That is because the ubiquitous Asian corporate structures of Business Groups systematically work with politicians in Asia to create excessive market power and overall concentration. They have proven remarkably adept at entrenching themselves.

Although, by concentrating resources in relatively few hands, this was quite an effective engine of growth in the past half century, the limitation of competition and brake on innovation threatens future progress.

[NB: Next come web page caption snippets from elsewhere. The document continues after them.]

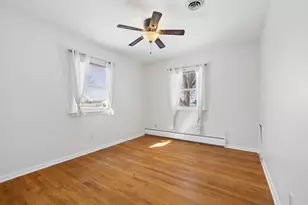 635 N Elm St, Herscher, IL 60941 - Photo 13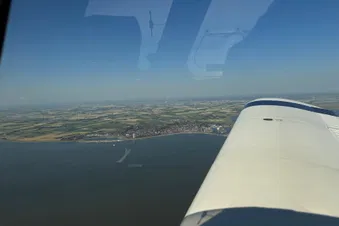 Rundflug/Schnupperflug über der Nordsee (60min. Flugzeit)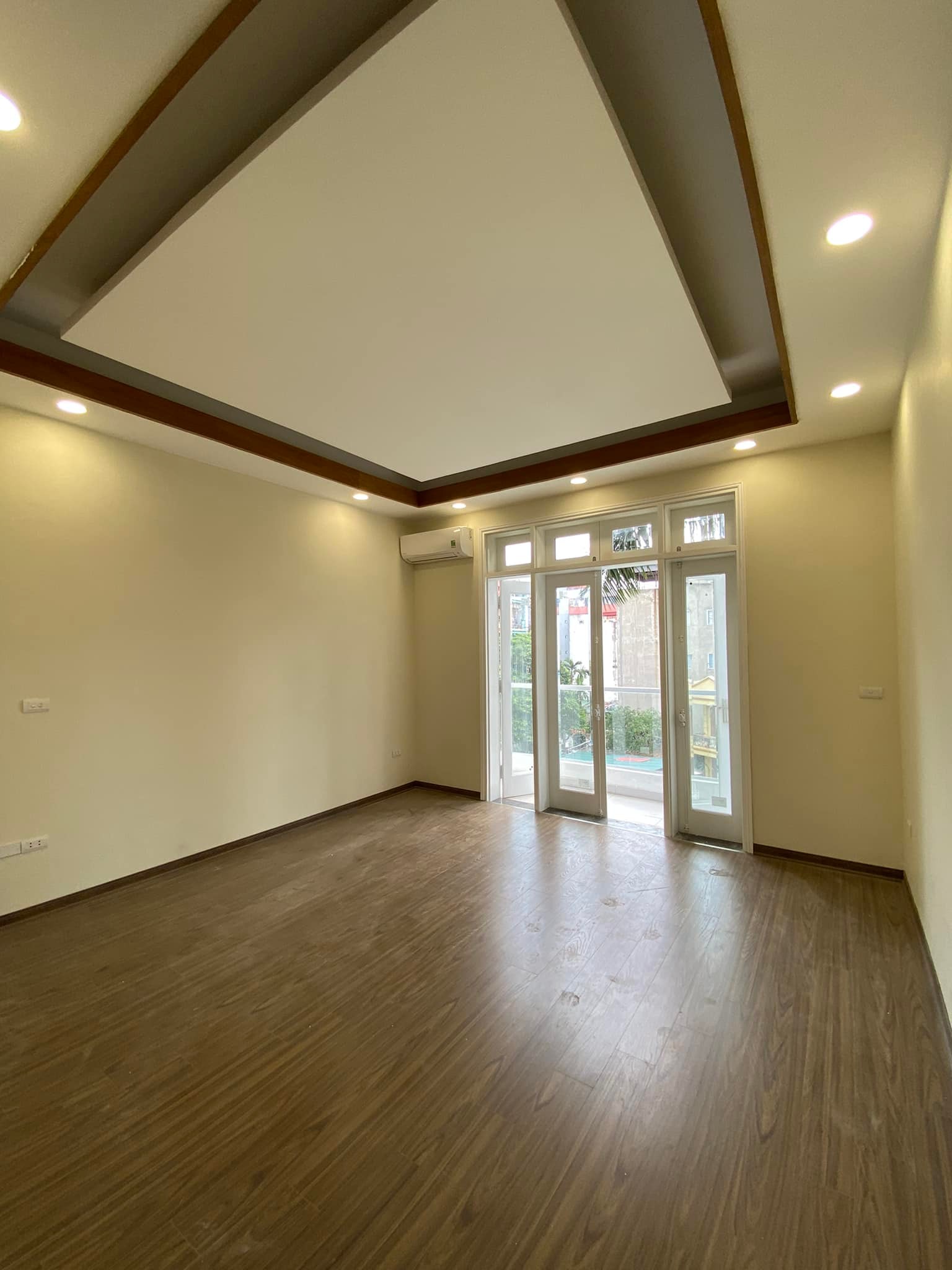 HOT HOT Mặt Phố Nguyễn Ngọc Vũ - Cầu Giấy - Mặt Tiền Khủng - Kinh Doanh Đỉnh DT 60m2 6 tầng Giá 21 12649416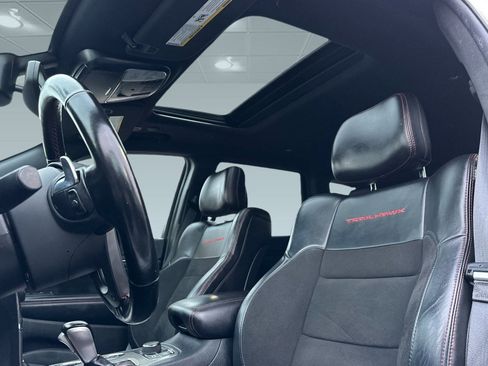 Used 2021 Jeep Grand Cherokee Trailhawk image 15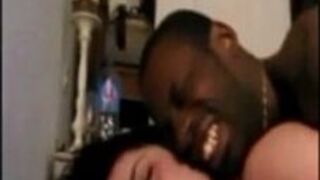 Французская милфа в любительском видео - порно видео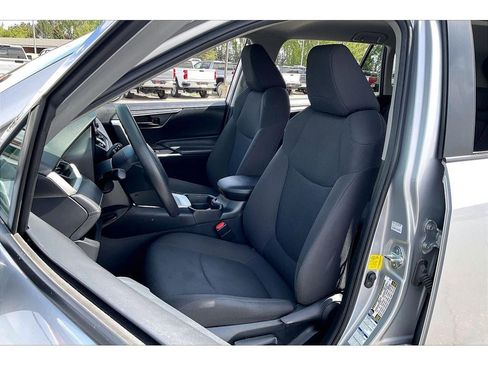 Used 2021 Toyota RAV4 LE AWD/4WD image 26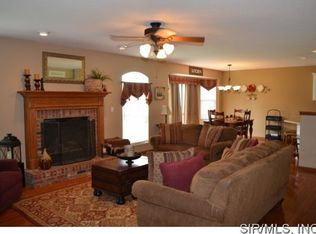 10 Acorn Lake Dr, Shiloh, IL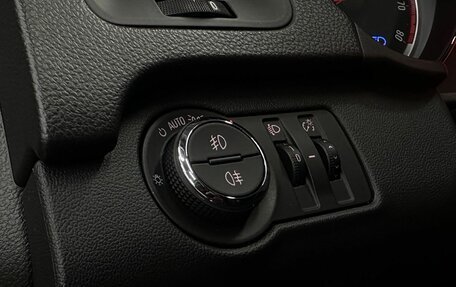 Opel Insignia II рестайлинг, 2013 год, 949 999 рублей, 21 фотография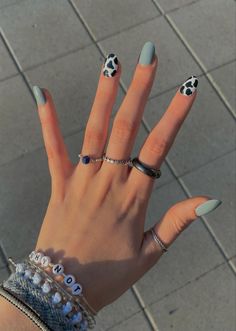 Cow Print And Blue Nails, Fall Nails With Cow Print, Navy Blue Western Nails, Winter Cow Print Nails, Cute Nails Cow Print, Cow Print Nails Blue, Fall Cow Print Nails, Nail Ideas Cow Print, Blue Cow Print Nails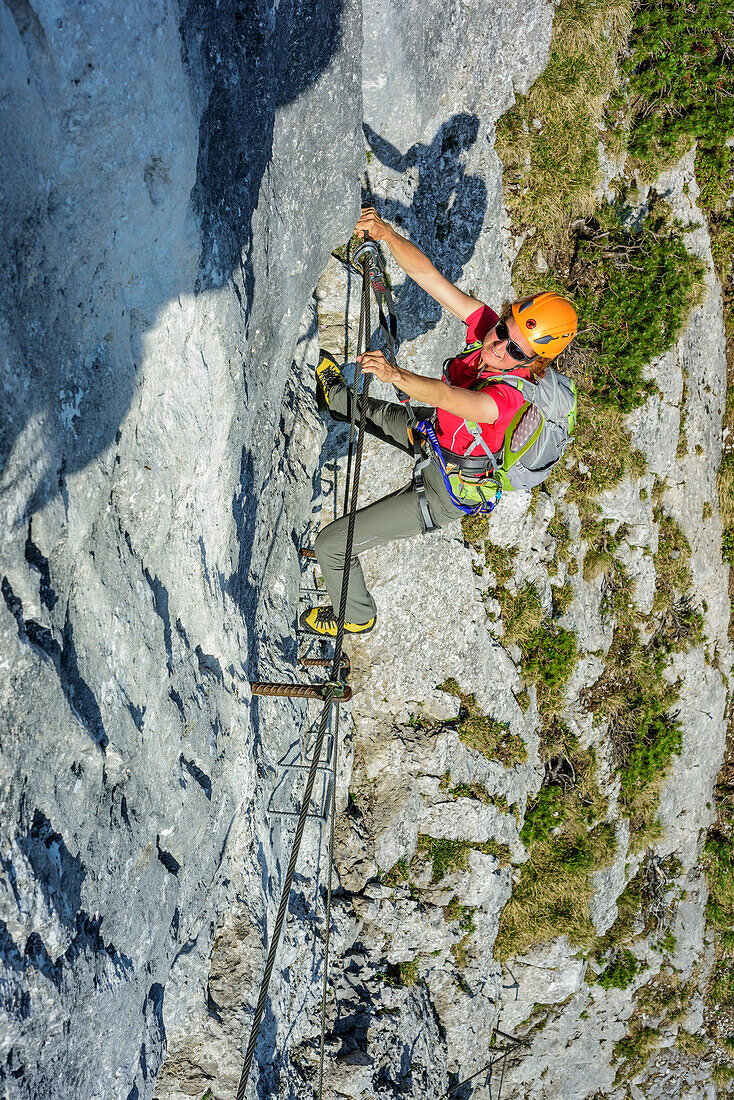 Frau begeht steilen Klettersteig, Pidinger Klettersteig, Hochstaufen, Chiemgauer Alpen, Chiemgau, Oberbayern, Bayern, Deutschland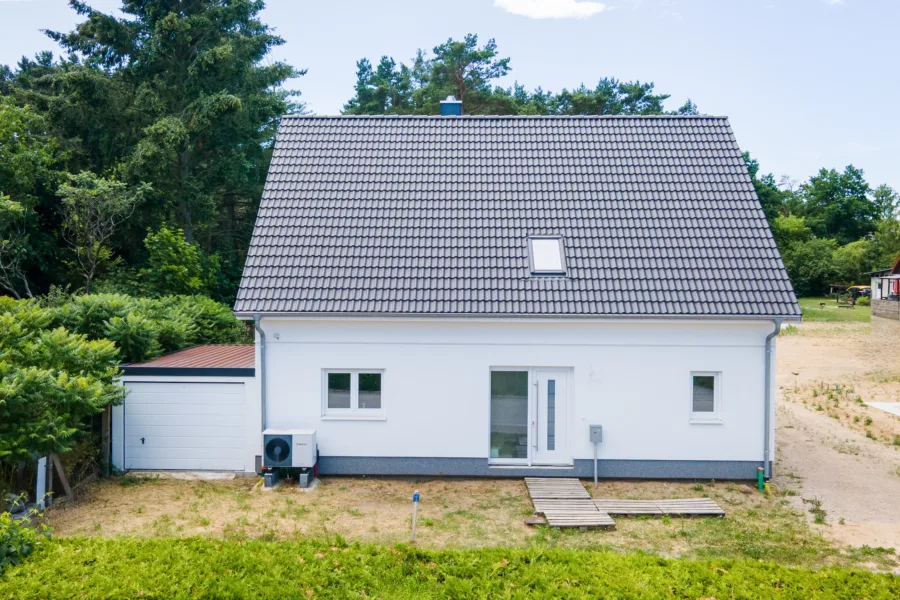 Straßenansicht mit Garage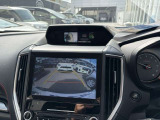 バックガイドモニターで、後方を確認しながら安心して駐車することができます。運転初心者も熟練者も必須の機能ですよ!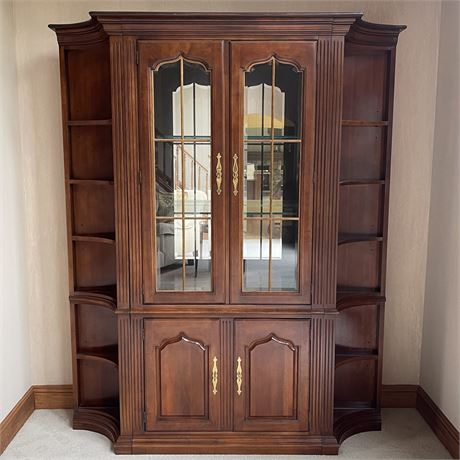 Solid Wood China Cabinet with Detachable Shelving Units
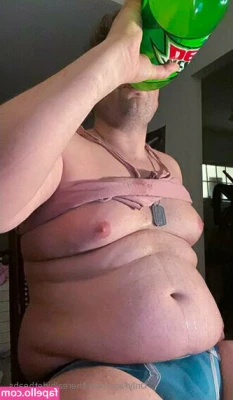 therealhidetheabs - Do you stare do you try to look away ?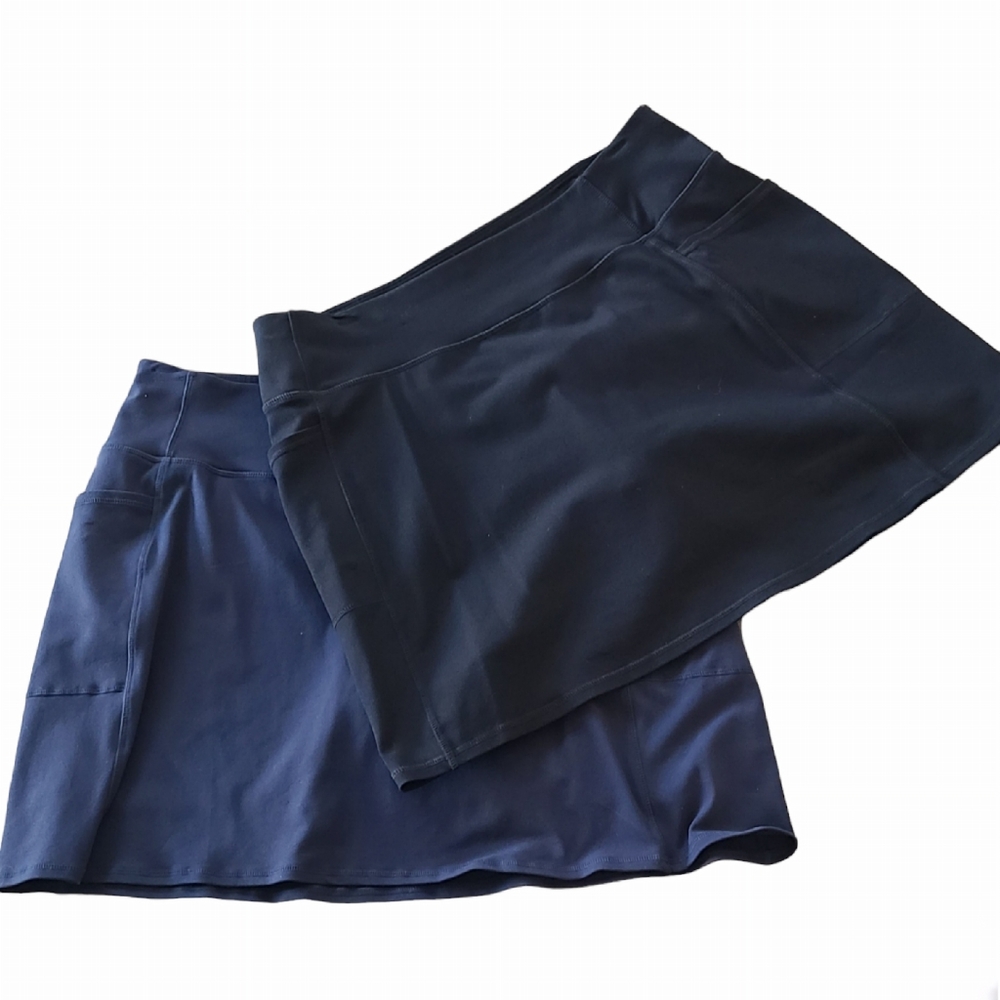 Skechers Womens Skorts. Sz.Xl. Navy and Black. Excellent Condition.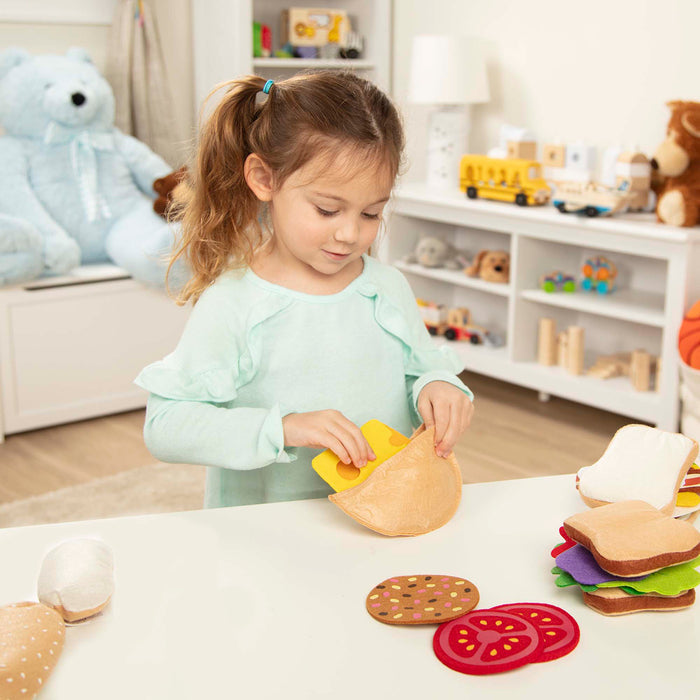 Melissa & Doug Felt Food Sandwich Play Food Set (33pc) Ages 3+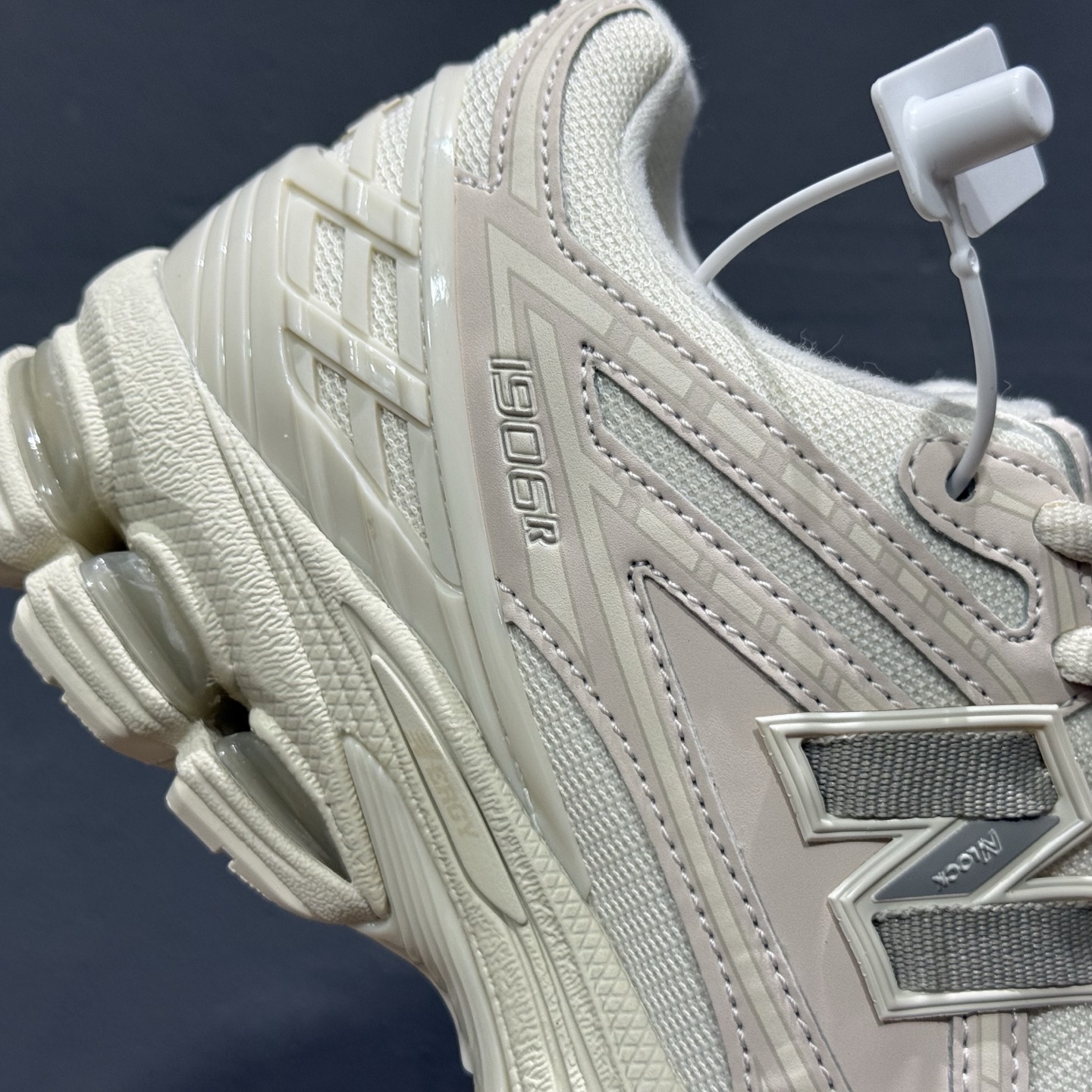 New Balance 1906系列复古老爹风休闲运动慢跑鞋 U1906RLI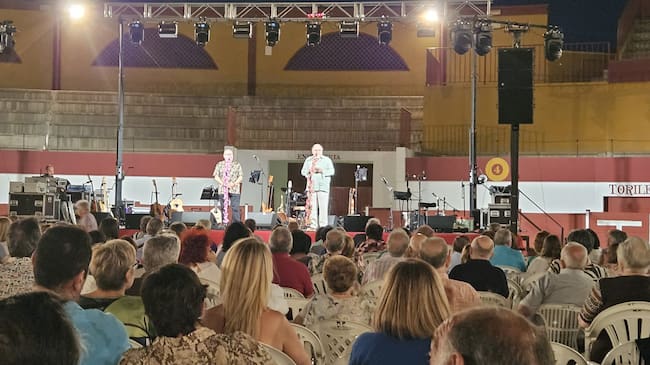 Momento de la presentación la noche del viernes, por Jesús Barroso y José Nieto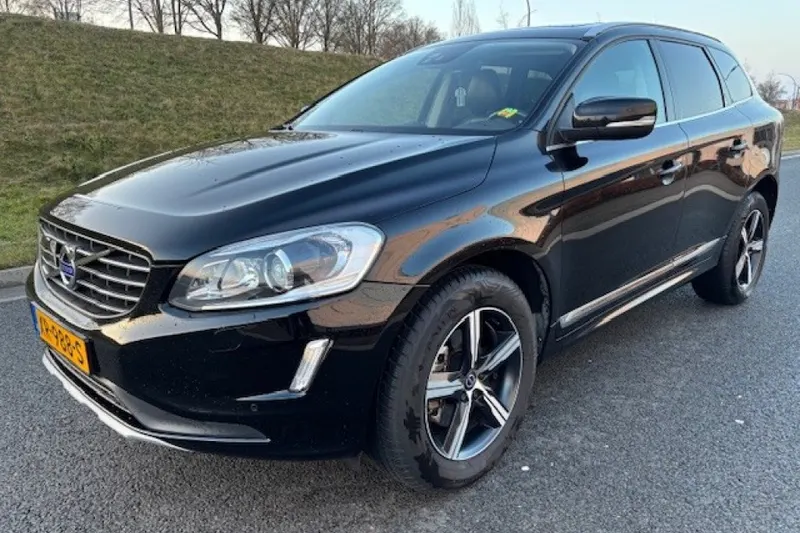 Volvo XC60 (2015)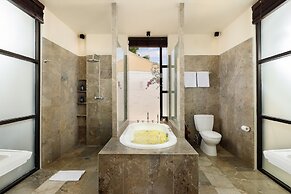 Villa Jamalu by Nakula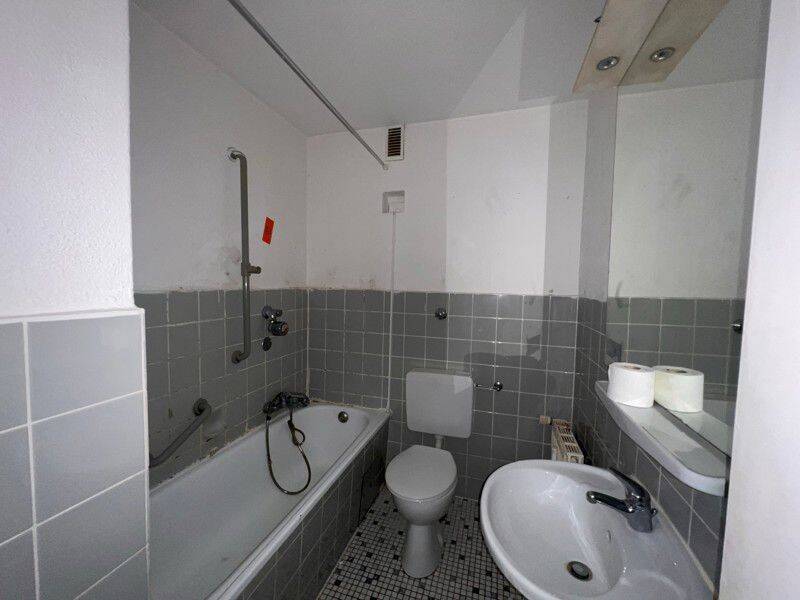 Noch in Renovierung: 3-Zimmer-Wohnung mit Balkon in zentraler Lage – Osnabrück – Vorschaubild 7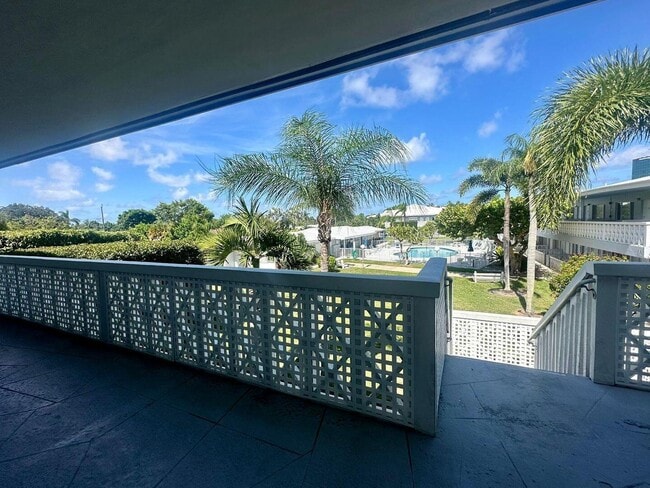 Building Photo - 2170 NE 51st Ct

The pervasive and highly resilient networks of connections running between businesses and politicians have provided a common backbone to Asian development and have cut across political systems. We characterize these networks as the Connections World.

That world comprises a web of interactions between businesses and politicians/political parties that are highly transactional and commonly contain significant degrees of reciprocity.

Thus, politicians look to firms to make campaign or personal contributions; pay bribes; provide jobs for family or associates whilst also providing reciprocal favours, such as creating jobs in regions or at moments that are politically advantageous.

At the same time, businesses look to politicians for protection from foreign or domestic competition; to supply subsidies, loans and/or public sector contracts. All parties benefit from these interactions, creating a stable political economy equilibrium.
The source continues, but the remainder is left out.